Selbst bei dieser momentanen “Heile-Welt-Loesung” musste ich Linien mehrfach übereinander eintragen, was ich eigentlich vermeiden wollte. Jedoch sind es weniger als es bei den anderen vorgeschlagenen Methoden der Fall wäre. Doppelt gemoppelt hält zwar besser. Aber bei Datenstrukturen habe ich in Theorie und Praxis gelernt, dass mehrfaches Anlegen des eigentlich selben Datums dazu führt, dass die Daten oft schon beim erstmaligen Eingeben und erst recht nach mehreren Aktualisierungen, insbesondere durch verschiedene Personen, inkonsistent werden. Und dies trotz oder eigentlich gerade wegen dem mehrfachen Aufwand. Wenn ich die Karte von Hand auf Papier zeichnen würde, so würde ich eine Linie auch nicht mehrfach einzeichnen nur weil sie verschiedenen Flächen gemeinsam ist.
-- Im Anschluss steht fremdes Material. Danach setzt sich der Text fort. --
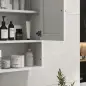 Armario de Baño de Pared Mueble de Baño Colgar Rústico con Compartimento Estante Ajustable 2 Puertas Blanco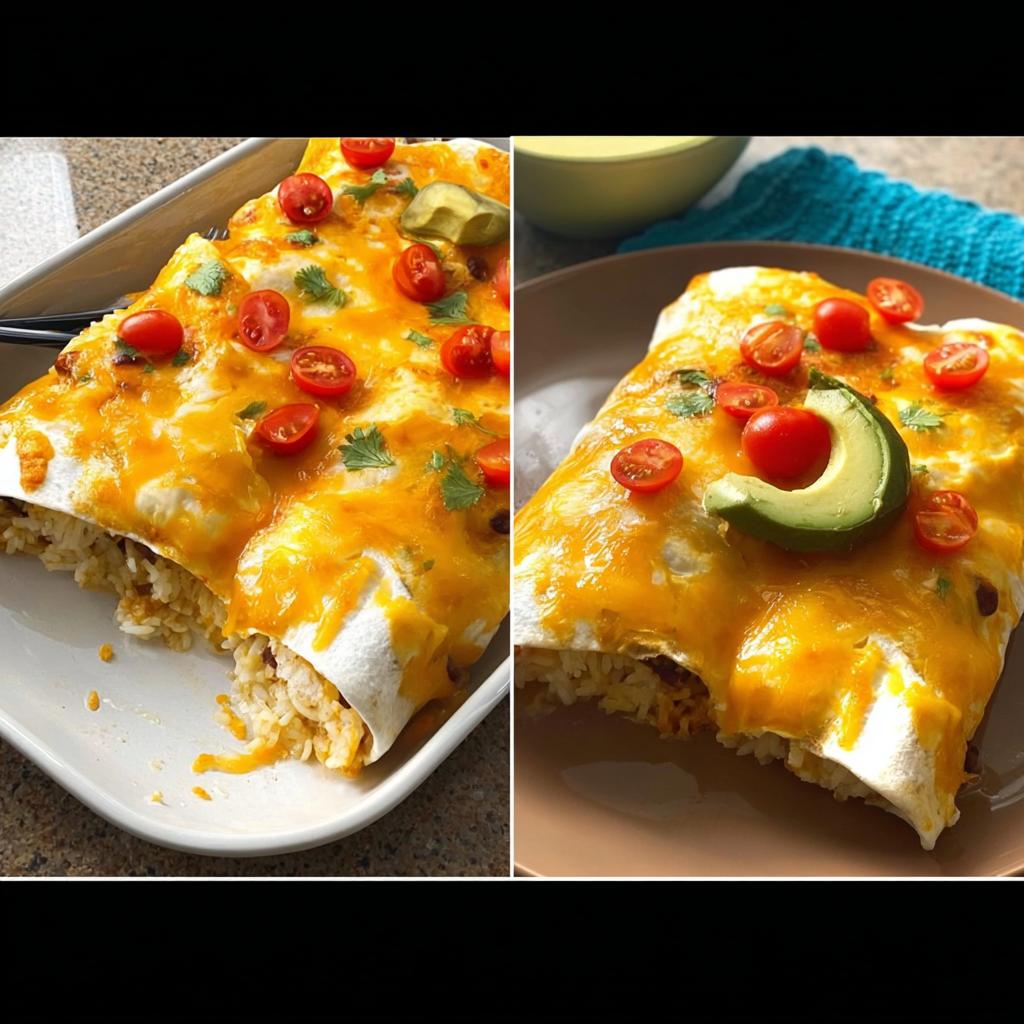 Close-up of healthy enchiladas filled with rice and beans, topped with melted cheese, cherry tomatoes, cilantro, and avocado.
Ich denke, dass unsere Beschreibungsmittel (object types, tags, relations) und die Algorithmen (in Editoren und Renderern) noch besser werden sollten.

Grüße Willi

(Hast recht, ab und zu kehr ich mal den Datenstrukturfundamentalisten raus. :slight_smile: )

Ja, sowohl Relationen mit type=multipolygon als auch geschlossene Linien mit z.B. landuse=forest als auch geeignete Gruppen von Linien mit natural=coastline definieren Flächen.

Ich wollte nur sagen, dass es eigentlich vier und nicht drei grundlegende Typen geben sollte: Punkte, Linien, Flächen und – für abstraktere Zusammenfassungen von bereits vorhandenen Objekten – auch noch Relationen.

Mit Relationen kann man ganz gut Flächen definieren, aber eigentlich sollte die Relation doch OSM-Objekte zusammenfassen; Objekte wie Bushaltestellen, Straßenstücke kennzeichnen in der Zusammenfassung eine Buslinie. Aber bei Multipolygonen machen wir und mache ich was ganz anderes. Bei überstrapazierten See wird die Insel in der Relation erwähnt, aber sie wird nicht mit anderen Objekten zu einem größeren Ganzen zusammengefasst – man will nur ihre Begrenzungslinie haben. Genauso könnten wir auch auf alle "Way"s verzichten und statt dessen Relationen von Punkten bauen. Es ginge – aber es wäre konzeptioneller Müll.